With Ace, subsea cable rush nears end

Steve Song

Steve Song

The Africa Coast to Europe (Ace) submarine cable could be among the last major international broadband systems to land on South African shores for some time, says an expert.

The Ace cable system currently stretches 11 500km and connects France to countries such as Equatorial Guinea, Nigeria and Benin in West Africa.

But the Ace consortium, led by French telecommunications operator Orange, has announced that the second phase of the network will be extended 5 000km from the Gulf of Guinea island of Sao Tomé-et-Principe to South Africa.

Networking company Alcatel-Lucent is tasked with building the cable and it said on Wednesday that once the second phase of the cable is completed, the overall design capacity will be 12,8Tbit/s.

However, experts have said that the Ace cable is likely to be among the last to connect to South Africa, at least for the time being.

Since 2009, major subsea cables connecting to South Africa include Seacom, Sat-3, Safe, Eassy and Wacs. “I can’t imagine another cable connecting to South Africa directly at this time,” said Steve Song, a local telecoms policy activist and founder of the Village Telco project.

“It is likely that there will be another cable connecting Africa to Brazil but this seems likely to land either in Angola or Cameroon. South Africa will have to connect to it through another undersea or terrestrial network,” Song said.
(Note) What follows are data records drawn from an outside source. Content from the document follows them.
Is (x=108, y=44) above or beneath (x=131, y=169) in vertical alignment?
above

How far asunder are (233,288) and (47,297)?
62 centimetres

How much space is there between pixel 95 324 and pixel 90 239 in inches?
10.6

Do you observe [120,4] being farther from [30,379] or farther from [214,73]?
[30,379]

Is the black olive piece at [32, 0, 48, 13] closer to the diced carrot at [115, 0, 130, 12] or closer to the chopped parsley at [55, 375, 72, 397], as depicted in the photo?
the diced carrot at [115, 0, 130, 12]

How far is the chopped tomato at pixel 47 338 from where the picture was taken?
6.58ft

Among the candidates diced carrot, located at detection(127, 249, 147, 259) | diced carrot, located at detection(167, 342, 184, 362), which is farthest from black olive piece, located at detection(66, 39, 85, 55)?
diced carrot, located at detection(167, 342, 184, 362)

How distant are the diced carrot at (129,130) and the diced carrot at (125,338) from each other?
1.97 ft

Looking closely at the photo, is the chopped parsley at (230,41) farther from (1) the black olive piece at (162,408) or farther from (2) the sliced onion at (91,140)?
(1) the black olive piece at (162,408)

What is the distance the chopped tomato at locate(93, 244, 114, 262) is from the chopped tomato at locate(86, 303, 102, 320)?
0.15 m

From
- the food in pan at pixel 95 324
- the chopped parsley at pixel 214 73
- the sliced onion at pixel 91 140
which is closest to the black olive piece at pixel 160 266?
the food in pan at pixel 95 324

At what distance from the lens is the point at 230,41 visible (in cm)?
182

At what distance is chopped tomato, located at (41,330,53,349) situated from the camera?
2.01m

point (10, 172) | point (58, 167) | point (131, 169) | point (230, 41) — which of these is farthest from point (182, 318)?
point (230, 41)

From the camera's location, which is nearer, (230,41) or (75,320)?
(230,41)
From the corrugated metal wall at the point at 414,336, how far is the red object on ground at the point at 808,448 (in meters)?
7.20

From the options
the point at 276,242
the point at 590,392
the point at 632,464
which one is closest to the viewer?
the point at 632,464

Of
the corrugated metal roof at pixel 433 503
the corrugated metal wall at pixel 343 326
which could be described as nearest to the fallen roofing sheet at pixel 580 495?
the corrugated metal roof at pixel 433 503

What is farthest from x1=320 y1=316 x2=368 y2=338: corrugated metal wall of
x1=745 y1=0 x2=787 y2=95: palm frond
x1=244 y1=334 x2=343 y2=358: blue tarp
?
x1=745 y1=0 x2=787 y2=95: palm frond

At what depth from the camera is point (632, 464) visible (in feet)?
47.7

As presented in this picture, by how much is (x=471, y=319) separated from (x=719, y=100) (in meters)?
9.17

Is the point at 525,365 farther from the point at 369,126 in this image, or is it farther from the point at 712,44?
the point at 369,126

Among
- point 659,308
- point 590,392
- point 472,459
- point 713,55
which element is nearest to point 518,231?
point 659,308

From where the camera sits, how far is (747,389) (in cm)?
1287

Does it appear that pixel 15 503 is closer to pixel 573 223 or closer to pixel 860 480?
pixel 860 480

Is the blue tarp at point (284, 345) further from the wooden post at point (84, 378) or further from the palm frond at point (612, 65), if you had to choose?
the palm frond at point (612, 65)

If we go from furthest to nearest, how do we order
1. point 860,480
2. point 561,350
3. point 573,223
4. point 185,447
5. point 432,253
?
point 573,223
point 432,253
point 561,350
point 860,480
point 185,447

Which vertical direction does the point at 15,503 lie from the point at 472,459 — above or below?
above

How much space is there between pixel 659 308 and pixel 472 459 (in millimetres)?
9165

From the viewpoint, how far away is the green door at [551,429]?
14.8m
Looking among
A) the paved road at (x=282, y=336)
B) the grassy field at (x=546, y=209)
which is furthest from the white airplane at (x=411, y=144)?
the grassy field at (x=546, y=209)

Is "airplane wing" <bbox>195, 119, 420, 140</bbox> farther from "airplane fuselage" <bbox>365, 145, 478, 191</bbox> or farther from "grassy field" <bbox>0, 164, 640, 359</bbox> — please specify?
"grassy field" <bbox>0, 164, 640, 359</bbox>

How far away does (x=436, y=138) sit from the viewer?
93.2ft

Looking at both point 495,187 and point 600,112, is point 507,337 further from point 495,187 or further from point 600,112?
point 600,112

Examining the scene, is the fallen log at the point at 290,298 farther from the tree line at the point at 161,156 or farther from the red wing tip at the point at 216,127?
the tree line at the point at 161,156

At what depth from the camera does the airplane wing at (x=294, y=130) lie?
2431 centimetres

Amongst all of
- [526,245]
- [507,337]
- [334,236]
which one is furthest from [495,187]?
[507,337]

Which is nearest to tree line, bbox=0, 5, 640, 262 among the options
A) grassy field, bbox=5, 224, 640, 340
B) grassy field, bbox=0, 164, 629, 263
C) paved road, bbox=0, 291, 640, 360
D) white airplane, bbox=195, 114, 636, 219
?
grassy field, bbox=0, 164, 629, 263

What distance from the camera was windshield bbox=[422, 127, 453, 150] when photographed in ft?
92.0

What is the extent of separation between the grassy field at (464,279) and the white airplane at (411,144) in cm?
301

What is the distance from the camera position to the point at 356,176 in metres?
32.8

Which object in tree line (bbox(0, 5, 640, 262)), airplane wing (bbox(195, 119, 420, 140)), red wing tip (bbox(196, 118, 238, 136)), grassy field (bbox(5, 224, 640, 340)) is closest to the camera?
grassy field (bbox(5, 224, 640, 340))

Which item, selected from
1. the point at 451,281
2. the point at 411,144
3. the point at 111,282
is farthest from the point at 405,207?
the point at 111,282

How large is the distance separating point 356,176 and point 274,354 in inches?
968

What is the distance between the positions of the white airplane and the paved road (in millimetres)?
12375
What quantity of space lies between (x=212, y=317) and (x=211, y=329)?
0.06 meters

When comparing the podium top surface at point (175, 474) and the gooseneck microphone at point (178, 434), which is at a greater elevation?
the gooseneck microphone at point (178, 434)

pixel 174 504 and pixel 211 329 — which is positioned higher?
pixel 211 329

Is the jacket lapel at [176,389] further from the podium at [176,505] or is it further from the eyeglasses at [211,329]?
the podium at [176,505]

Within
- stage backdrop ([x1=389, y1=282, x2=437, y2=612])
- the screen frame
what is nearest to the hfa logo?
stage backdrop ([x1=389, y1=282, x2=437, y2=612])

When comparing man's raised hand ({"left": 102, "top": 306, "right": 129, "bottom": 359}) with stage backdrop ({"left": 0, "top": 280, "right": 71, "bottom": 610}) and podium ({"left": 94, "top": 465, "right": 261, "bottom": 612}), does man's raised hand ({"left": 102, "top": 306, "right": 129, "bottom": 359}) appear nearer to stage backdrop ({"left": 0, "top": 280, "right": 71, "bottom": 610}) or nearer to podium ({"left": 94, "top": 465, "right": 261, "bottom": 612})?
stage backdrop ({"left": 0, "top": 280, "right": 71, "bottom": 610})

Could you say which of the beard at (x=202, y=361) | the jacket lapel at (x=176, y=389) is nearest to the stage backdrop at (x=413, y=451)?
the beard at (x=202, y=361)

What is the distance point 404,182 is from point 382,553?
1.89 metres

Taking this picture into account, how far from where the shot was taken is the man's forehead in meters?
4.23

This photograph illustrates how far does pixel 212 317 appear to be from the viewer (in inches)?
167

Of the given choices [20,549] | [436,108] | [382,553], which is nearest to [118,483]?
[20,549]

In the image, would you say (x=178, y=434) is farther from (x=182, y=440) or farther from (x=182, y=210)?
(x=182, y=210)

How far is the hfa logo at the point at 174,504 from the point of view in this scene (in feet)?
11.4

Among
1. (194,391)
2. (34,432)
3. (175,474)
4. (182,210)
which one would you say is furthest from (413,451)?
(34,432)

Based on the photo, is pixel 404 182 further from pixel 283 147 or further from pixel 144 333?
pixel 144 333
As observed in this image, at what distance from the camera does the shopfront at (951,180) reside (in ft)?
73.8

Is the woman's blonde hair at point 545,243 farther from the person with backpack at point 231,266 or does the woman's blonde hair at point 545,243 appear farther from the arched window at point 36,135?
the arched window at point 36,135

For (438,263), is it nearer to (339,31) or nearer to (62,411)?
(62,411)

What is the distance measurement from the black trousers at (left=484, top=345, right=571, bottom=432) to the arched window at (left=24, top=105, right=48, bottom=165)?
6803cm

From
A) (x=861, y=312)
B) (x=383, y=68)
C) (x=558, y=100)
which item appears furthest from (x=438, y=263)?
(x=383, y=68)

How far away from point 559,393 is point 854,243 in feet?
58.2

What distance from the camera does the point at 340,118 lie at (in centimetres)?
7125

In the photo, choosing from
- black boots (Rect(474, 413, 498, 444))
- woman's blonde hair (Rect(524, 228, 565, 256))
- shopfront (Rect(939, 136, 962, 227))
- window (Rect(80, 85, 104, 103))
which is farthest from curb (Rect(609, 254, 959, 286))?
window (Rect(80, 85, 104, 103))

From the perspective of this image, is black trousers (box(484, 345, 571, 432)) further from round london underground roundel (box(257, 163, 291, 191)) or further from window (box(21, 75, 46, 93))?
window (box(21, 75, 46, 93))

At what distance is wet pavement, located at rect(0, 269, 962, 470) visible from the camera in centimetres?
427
Song explained that South Africa has “a lot of capacity already” with the cables that it has, but that the Ace cable will help with redundancy and choice for operators. In turn, this could bring costs down, said Song.

“The organisations that stand to benefit the most are existing customers of the Ace cable because once Ace reaches South Africa, it will be able to offer redundancy to its customers in the event of a cable break,” Song said.

“Currently if there is a cable interruption on Ace, everything south of the break is disconnected. By connecting to South Africa, traffic can be routed via Seacom/Eassy/Safe even if there is a cable break. And of course DRC, Angola and Namibia also stand to benefit from the additional undersea cable competition,” said Song.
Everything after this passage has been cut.